**WHAT THIS TASK INVOLVES:**
Write out each record in full and exactly as given. Skip any pictures.

**EXCERPTED RECORDS:**

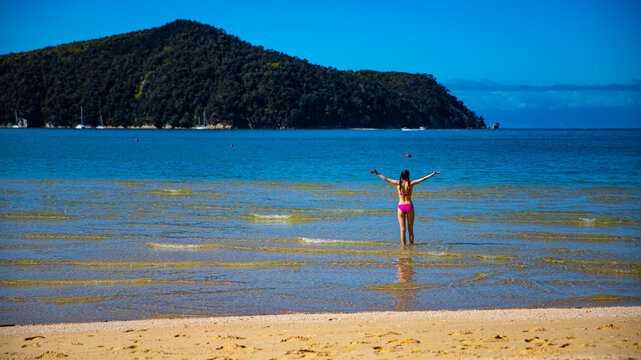 beautiful girl in bikini enjoys a dip in the turquoise water of Abel Tasman National Park, New Zealand South Island; swimming in Stilwell bay with Adele Island in the background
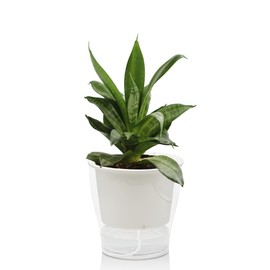 Oresteluchetta Self-watering pot for outdoor/indoor ASON MEDIUM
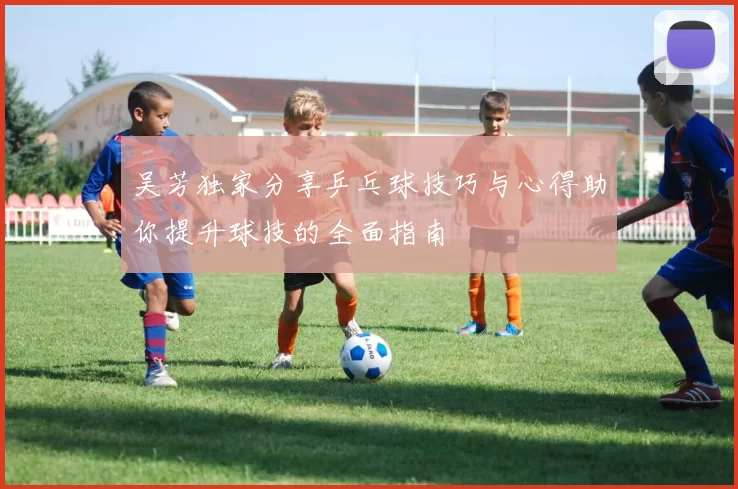 吴芳独家分享乒乓球技巧与心得助你提升球技的全面指南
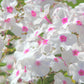 100 PHLOX OF SHEEP Pastel Mix Phlox Drummondii Multicolor Flower Seeds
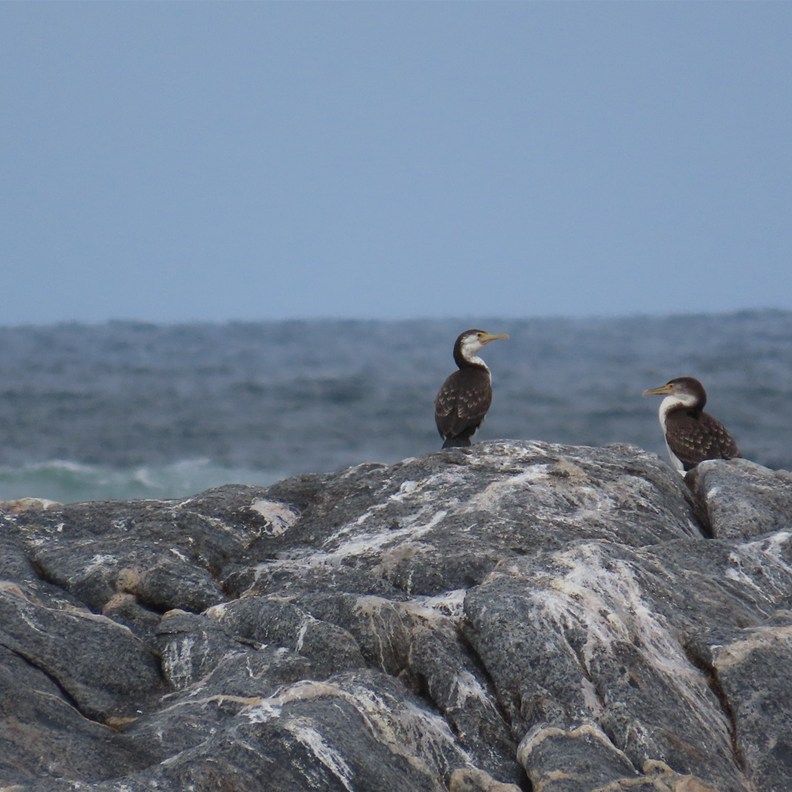 Little Pied Cormorants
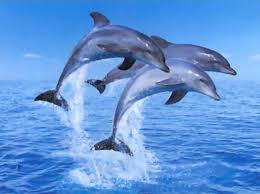 Résultat de recherche d'images pour 'dauphins'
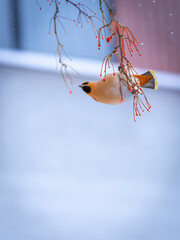 Bohemian waxwing comes in large flocks and clears the trees of all berries in Sweden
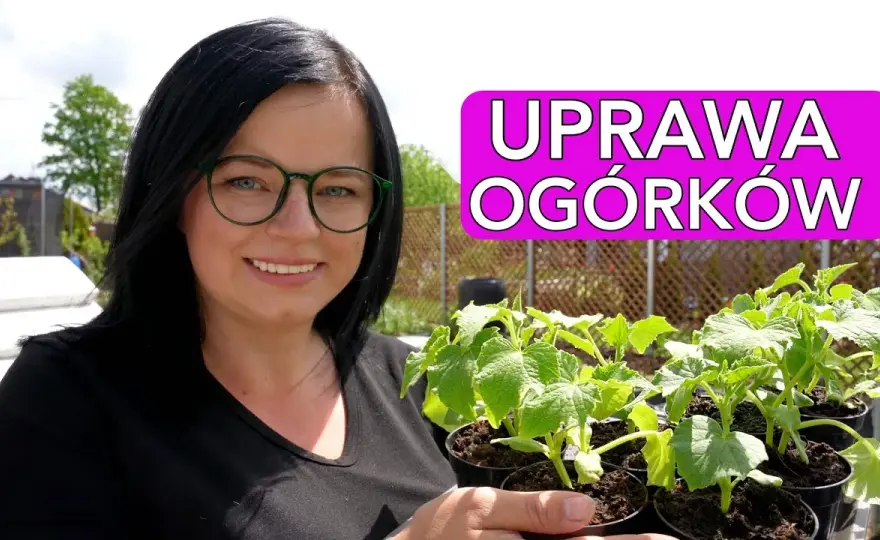 Jak sadzić ogórki w doniczkach, aby uniknąć najczęstszych błędów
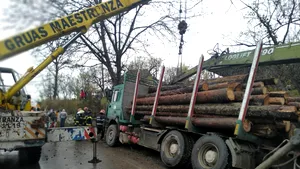FOTO | Femeia strivită de camionul plin cu lemne răsturnat în Dâmboviţa a murit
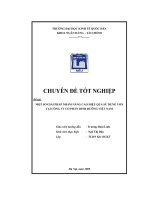 Nâng cao hiệu quả sử dụng vốn tại công ty cổ phần dinh dưỡng việt nam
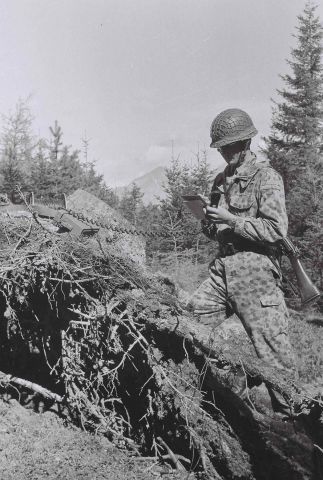 Bildgr&ouml;&szlig;e auf die Monitoraufl&ouml;sung (640x480 px) optimiert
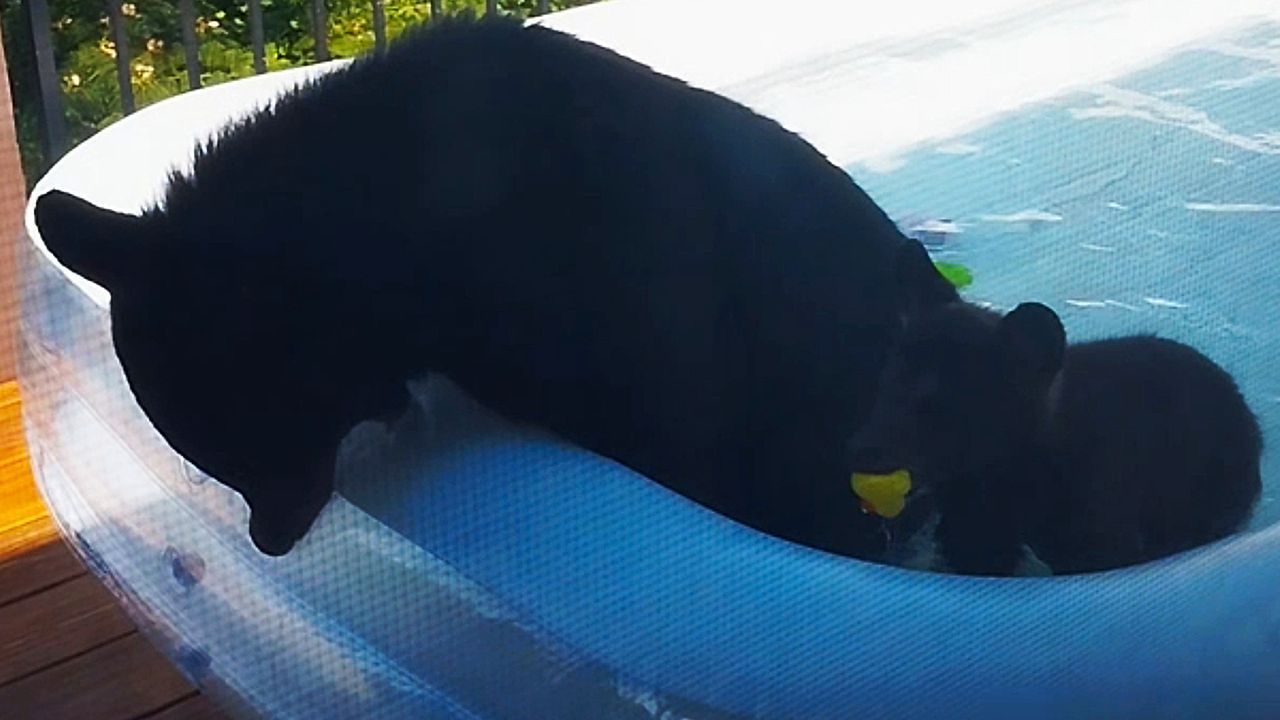 Video: Quietscheente zum Fressen gern: Bären kapern Planschbecken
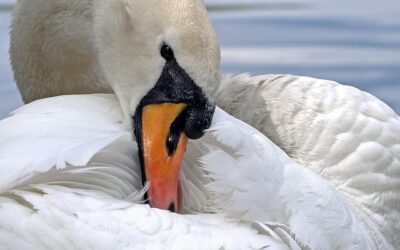 Το τραγούδι των λαβωμένων κύκνων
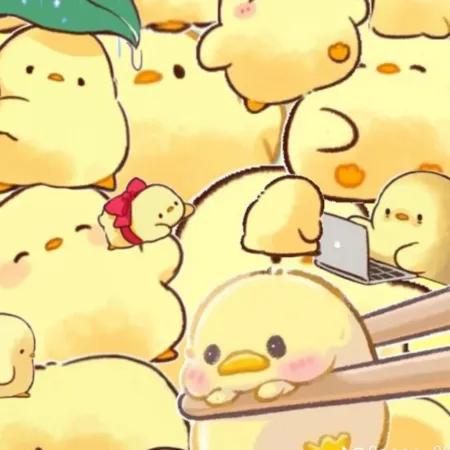 جوجه🐥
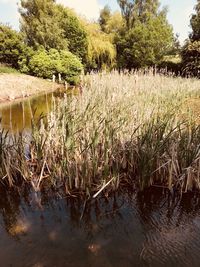 Scenic view of lake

**RESULT FOR THIS EXERCISE:**
 beautiful girl in bikini enjoys a dip in the turquoise water of Abel Tasman National Park, New Zealand South Island; swimming in Stilwell bay with Adele Island in the background
 Oresteluchetta Self-watering pot for outdoor/indoor ASON MEDIUM
 吴芳独家分享乒乓球技巧与心得助你提升球技的全面指南
 100 PHLOX OF SHEEP Pastel Mix Phlox Drummondii Multicolor Flower Seeds
 Little Pied Cormorants
 Résultat de recherche d'images pour 'dauphins'
 Bohemian waxwing comes in large flocks and clears the trees of all berries in Sweden
 Jak sadzić ogórki w doniczkach, aby uniknąć najczęstszych błędów
FOTO | Femeia strivită de camionul plin cu lemne răsturnat în Dâmboviţa a murit
 Nâng cao hiệu quả sử dụng vốn tại công ty cổ phần dinh dưỡng việt nam
 Bildgr&ouml;&szlig;e auf die Monitoraufl&ouml;sung (640x480 px) optimiert
 Video: Quietscheente zum Fressen gern: Bären kapern Planschbecken
 Το τραγούδι των λαβωμένων κύκνων
 جوجه🐥
 Scenic view of lake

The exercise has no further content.